On a recent flight I was bored waiting for the plane to land and I tried out the electronic sudoku game that they had offered.  I found the game surprisingly interesting as I realized that it is far more entertaining when you cannot use paper or pencil to augment the cognitive solution seeking process.  In addition, having your score based on your time presented an objective challenge and measure to test yourself against.

Figure 1:a sample Sudoku grid
After that I decided to design a Sudoku generator.  Which I have included:

https://github.com/EconometricsBySimulation/2013-06-14-Sudoku

It has been an entertaining exercise figuring out methods to produce matrices that conform to the specifications of a Sudoku table.  That is a table which distributes sets of 1 to 9 distributed both horizontally, vertically, and in a 3x3 grid without duplicates for all squares in a 9x9 grid.

Figure 2: Ultimate Sudoku
You can see from the R script (and the grid produced by it figure 1) that I am able to accomplish this very easily through a randomized guess and check process (with the computer finding a solution in 1 in 50-500 attempts) that is capable of drawing nearly an infinite number of grids (of course there is a finite though very large number of possible grids).

I have also made a variant that I call Ultimate Sudoku which conforms to Sudoku rules and also adds one more rule to the grid in which each position in a 3x3 set is part of a set of all other 3x3 sets in which there can be no duplicate entries from the set.  That is for instance that the first square in a 3x3 grid cannot have duplicate entries with any of the other first squares in the other grid.  An example table that I generated using R is figure 2.

I don't think it is likely that Ultimate Sudoku will take off but for those hard core Sudoku players this variate would present an option that would allow for more challenging games since players must keep track of four overlapping sets of elements rather than 3.  Under this set up effectively more spaces could be made blank.  The R script is also capable of generating these though it is a bit more challenging to find grids that conform to all four rules (usually between 1 out of 4-10 thousand attempts).

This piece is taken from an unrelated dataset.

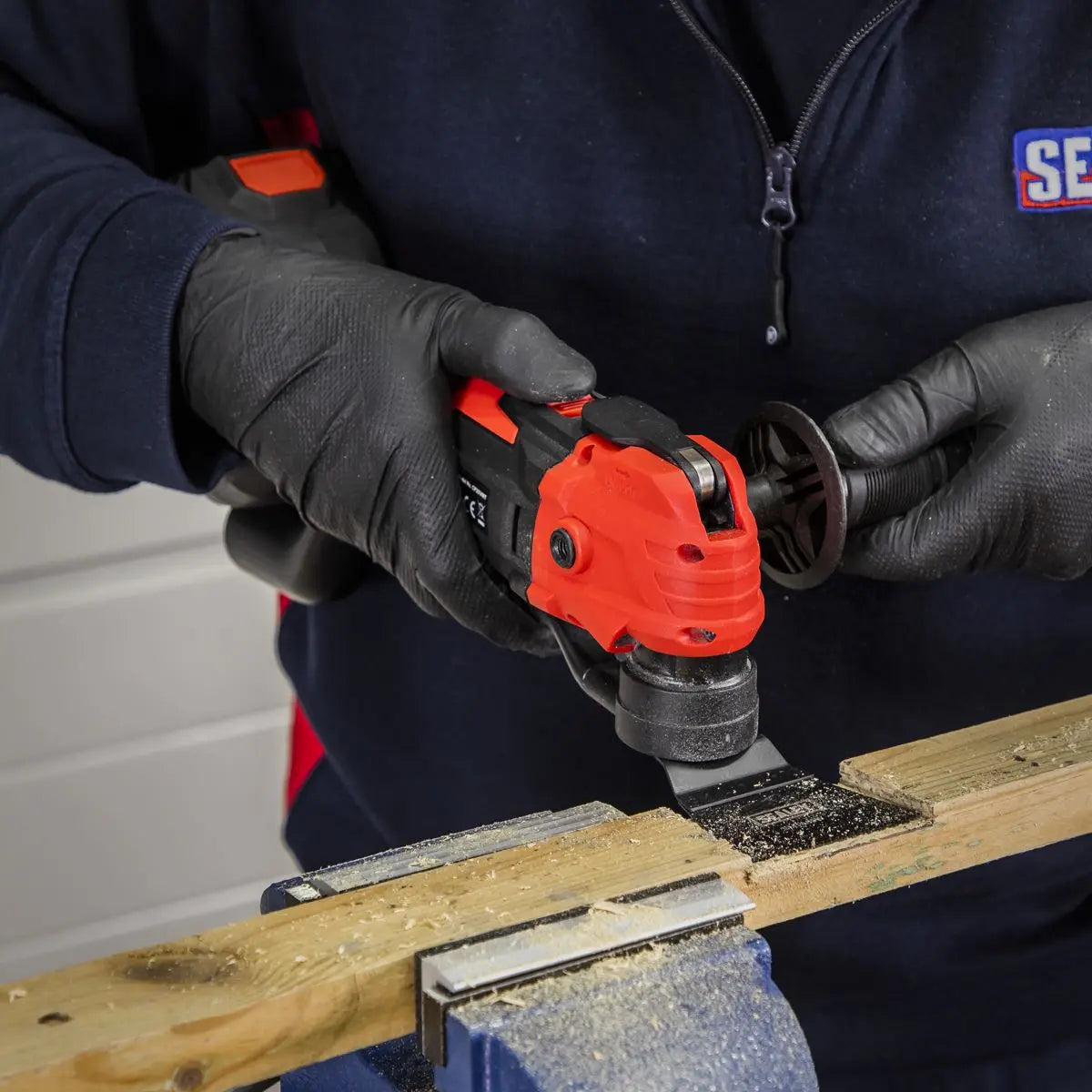 Sealey Multi-Tool Blade Wood 65mm 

I have also defined a function to strategically remove values from the plotted grid so that players are faced with an incomplete grid.  I have been able to vary the difficulty of these grids as well by specifying the average number of missing elements (from the set of 1 through 9) for each grid value.  You can see examples of problem grids I have generated in figures 3 and 4.

Figures 3 and 4

What I realized though was what my system is still not perfect because it is possible that I can come up with grids which might not have solutions which would present a problem.  What is really needed is an algorithm which is capable of doing what Sudoku players are capable of doing, that is solve the tables.  So rather that taking the next step designing an algorithm to solve my sample tables I thought that perhaps some of my readers out there might be interested in attempting to design an algorithm to solve these potential Sudoku tables and identify which ones are not feasible.

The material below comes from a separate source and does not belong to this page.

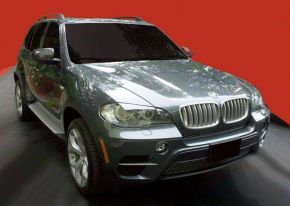 PEDANE LATERALI, Bmw X5 E70 OE Style, ANNI 2007-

So, that is the challenge!  It should be easy to run the code an generate and map the tables using the Git.

Tuesday, June 11, 2013

More explorations of Shiny

I have continued to explore the functionality of the Shiny package released by the Rstudio team and I have been increasingly impressed.  The code fits together very clean and easy to manipulate or add to.  If you have some knowledge of html or java shiny makes an excellent opportunity for developers of web apps with backgrounds in R.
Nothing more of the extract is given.